Aren’t team bonuses or rewards the equivalent of everyone getting a trophy so no one feels bad?
No, they are not. The “everyone gets a trophy” approach means you get a trophy for showing up, regardless of your delivery. A team award is something different: It is only handed out to the winners. And yes, they are rewarded as a team, regardless of the different levels of individual performance and contribution. That doesn’t matter, because the team wins (or loses) together.
If you encounter individual performance issues, you must deal with them head-on. You cannot and should not rely on an incentive system to take care of that.
How do you promote collaboration over competition between business areas in big companies?
It is simple: Behavior follows compensation. If we focus on team goals, we will have optimizing for team performance even if that comes at the expense of another team. If you want to foster collaboration across the organization, reward good behavior and exceptional efforts of collaboration. At the same time, don’t overlook bad behavior. Reprimand and deal with it fast — before it sets a precedent and becomes demotivating to others. But above all, ensure that your ways of working and sharing knowledge and skills are in sync with a highly collaborative environment and culture.
Why and how do you decouple compensation from performance management?

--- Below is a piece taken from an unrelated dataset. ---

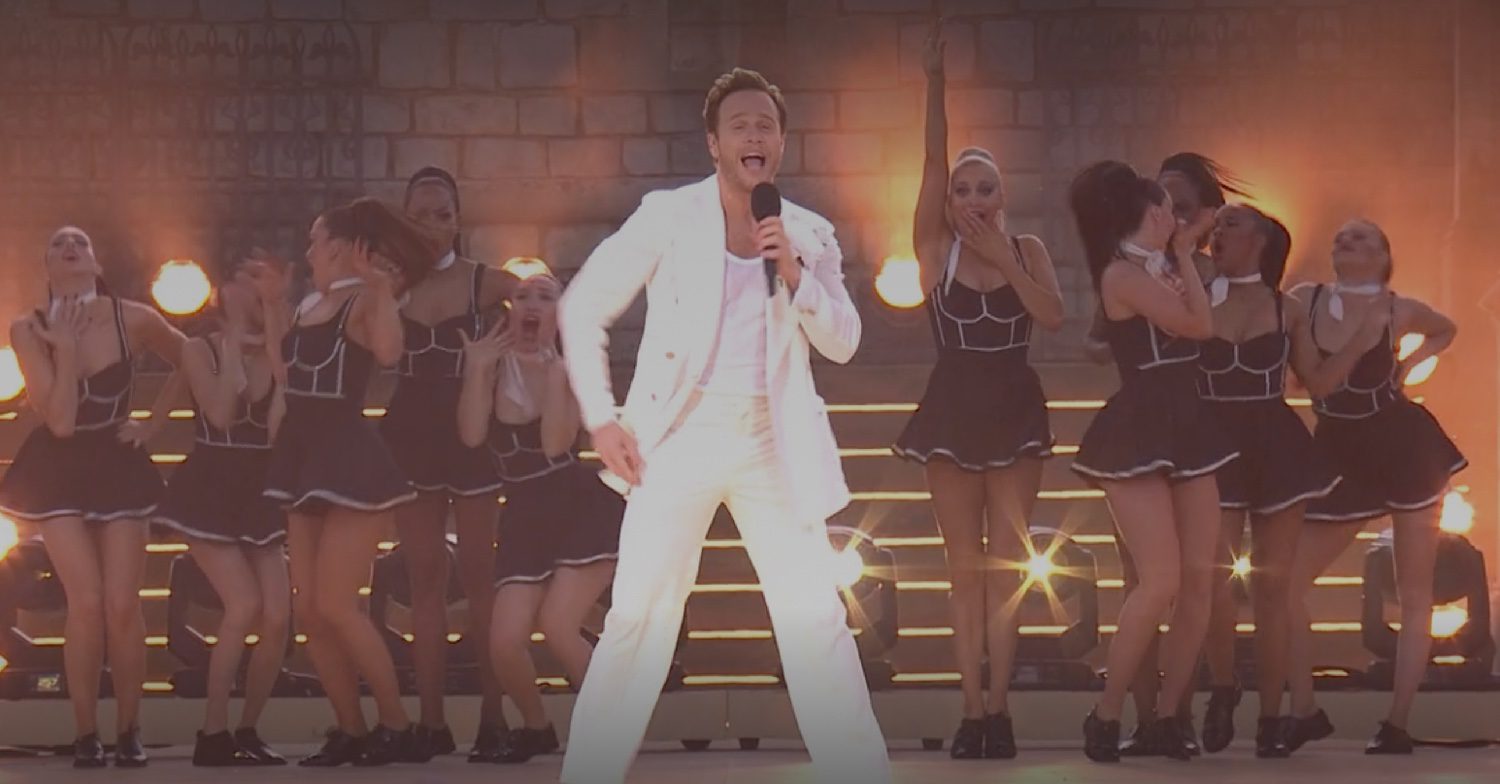 Olly Murs performs at King Charles Coronation Concert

We all know that the higher the rating, the better the cash incentive. Managers fill out hordes of papers to get the number just right, often tweaking certain categories to the get the desired outcome.

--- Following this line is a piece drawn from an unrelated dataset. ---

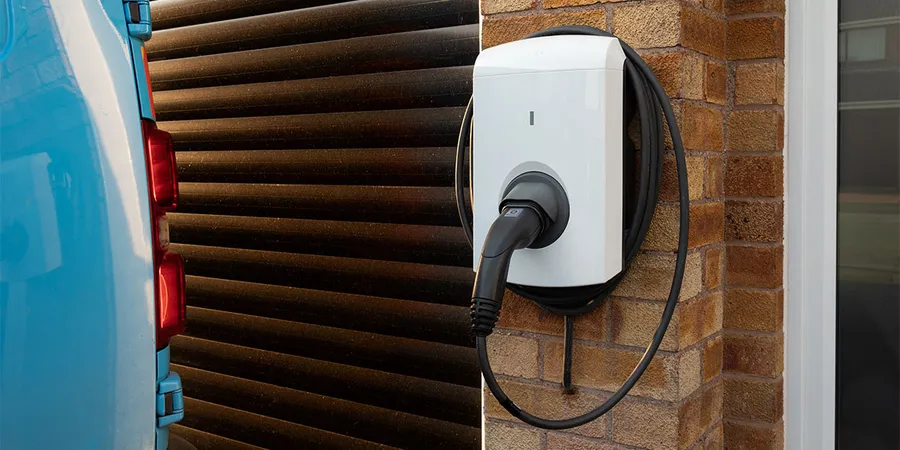 Image showing EV charging station installation at home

At the same time, we falsely believe there is a guaranteed link between ratings and compensation. But that decision is not purely driven by individual contributions and achievements. The economic situation, corporate climate, and labor markets have just as much to do with it — factors individual managers hardly have control over.

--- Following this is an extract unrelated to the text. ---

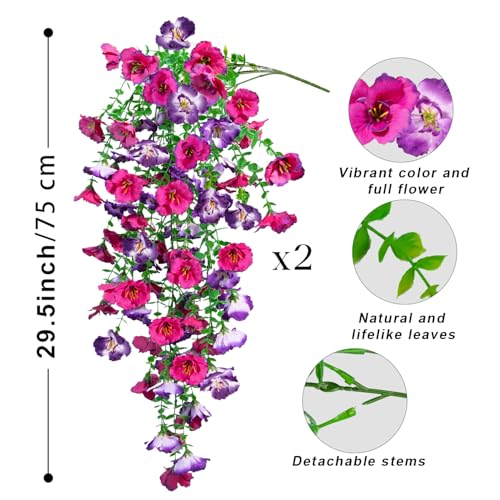 50% Off YILIUFA Artificial Hanging Flowers for Outdoors - Image 4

We eliminate employee appraisals completely. And by doing so, we decouple HR instruments from the iterative performance flow.
How do you deal with pay raises in an Agile organization?
Compensation must be easy to deliver — and change. That can only be done by empowering managers to set salaries and pay increases. It must be decoupled from an annual process to allow for a more flexible schedule. Agile leaders are guided by peer reviews, access to adequate data, and expert advice from their compensation team.
If HR/management resists changing their bonus approach, how can teams argue effectively for a change in process?
The industrial-era belief that money is the strongest (and only effective) motivator for employees is firmly rooted in many organizations. Unsurprisingly, compensation and cash bonuses are still used as the predominant way to incentivize and recognize people — an expensive yet ineffective tool.
Ever since Daniel Pink’s [book] Drive (and decades of scientific studies), it is clear: Agile people are driven by mastery, autonomy, and purpose. Understanding the new ways of motivating and honoring people is part of embracing the new talent contract and creating a desirable place of work.
How do you deal with people who are motivated by power and money alone?
The problem is this: Management and HR believe employees are only motivated by money. That’s why they keep pushing money at them, and then they complain that people are all money driven. We change that situation by taking money off the table. Instead of individual bonuses, we offer meaningful recognition, inspiring work, and individual career coaching and growth opportunities. Not all but most people value that more than some incentive.
About Fabiola Eyholzer:
Fabiola Eyholzer (CSPO, SPC 4.0) is an expert and thought leader in Lean/Agile people
operations — the 21st-century HR approach — and CEO of Just Leading Solutions, a New York-based consultancy for Agile HR.